Leicester had made the art of scoring a goal look quite difficult. This was proof that it need not be that way.
Now that that they had the lead, United were better, much better. They no longer allowed themselves to be stretched in quite the same way by an opponent who only really fashioned one more chance in the half, Tete and Maddison combining right to left to present Kiernan Dewsbury-Hall with an opening that he lifted towards the far post and wide.
United, meanwhile, spurned the opportunity to turn a good half in to an even better one. Wout Weghorst, playing in a deeper position behind Rashford, stole the ball to start a United move and when Diogo Dalot advanced to take a return pass from Fernandes only six yards from goal it seemed he must score. Somehow the full-back – unaccustomed to being so far upfield – got his feet mixed up and prodded a weak shot wide.

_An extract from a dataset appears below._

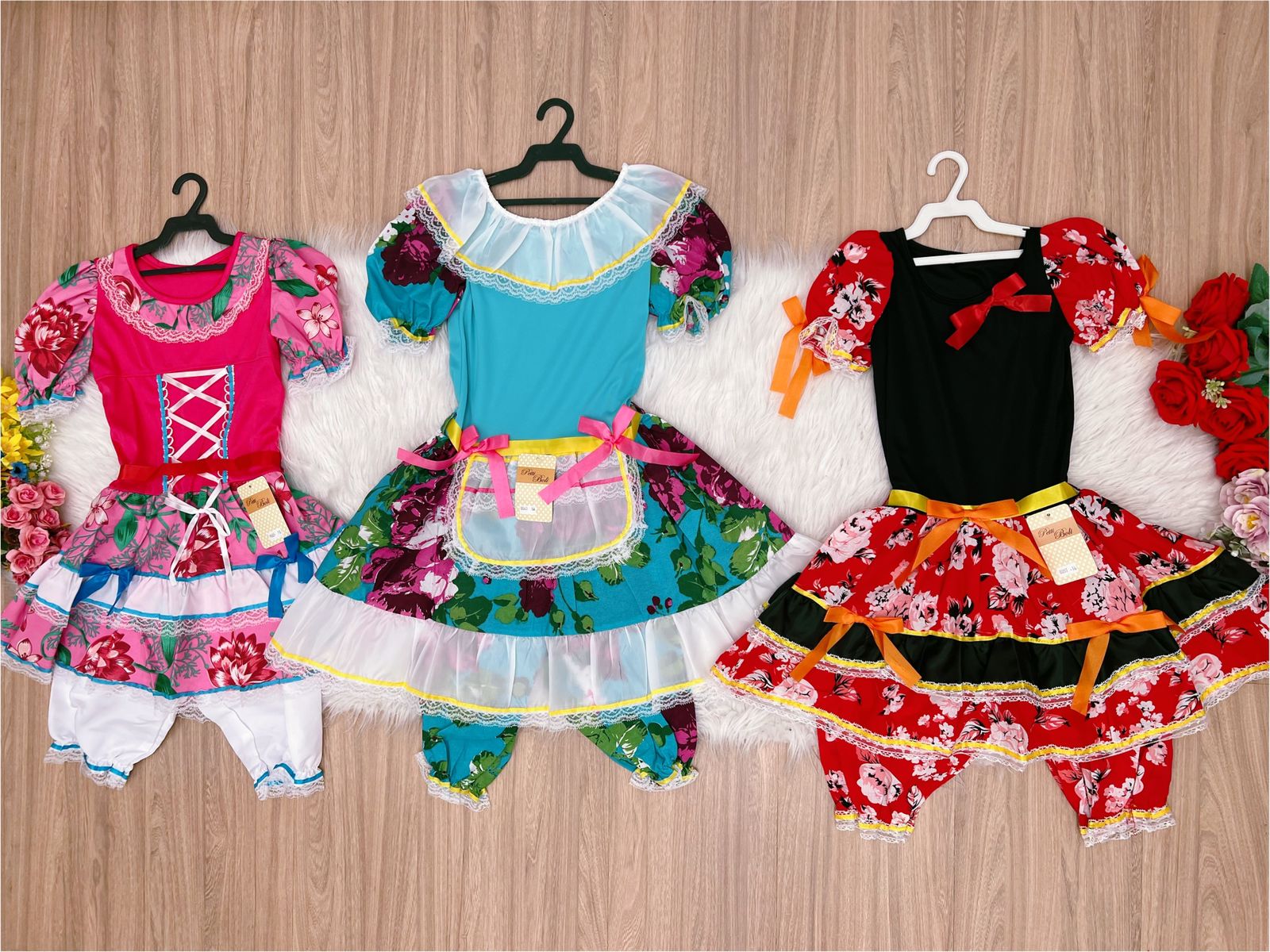 Kit 3 Peças Vestido Fantasia Junino  TAM 10-14-16 Variação Cor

Ten Hag must have noted the holes in his team’s performance as he made a change for the second half. Alejandro Garnacho was replaced by Jadon Sancho. This involved a positional reshuffle, too, as Weghorst was pushed up front with Rashford moving to the left.
It was from this position that Rashford scored his second goal four minutes before the hour. United had already threatened twice, Lisandro Martinez heading a free-kick on to the bar and then Rashford being denied by Ward when clear.
Sancho, on as a substitute, scored his team’s third goal in the 61st minute after Leicester coughed up the ball again and it was moved through Martinez, Rashford, Sancho, Fernandes and then back in to the goal scorer.
This felt like a romp for an hour when for a while it had been awkward. But that is United right now. Confidence is threatening to take them to highs not witnessed since Sir Alex Ferguson’s last title triumph ten years ago.
Can United win it? Ask this question. If Ferguson was still lord of that dressing room, what would he be saying to his players now?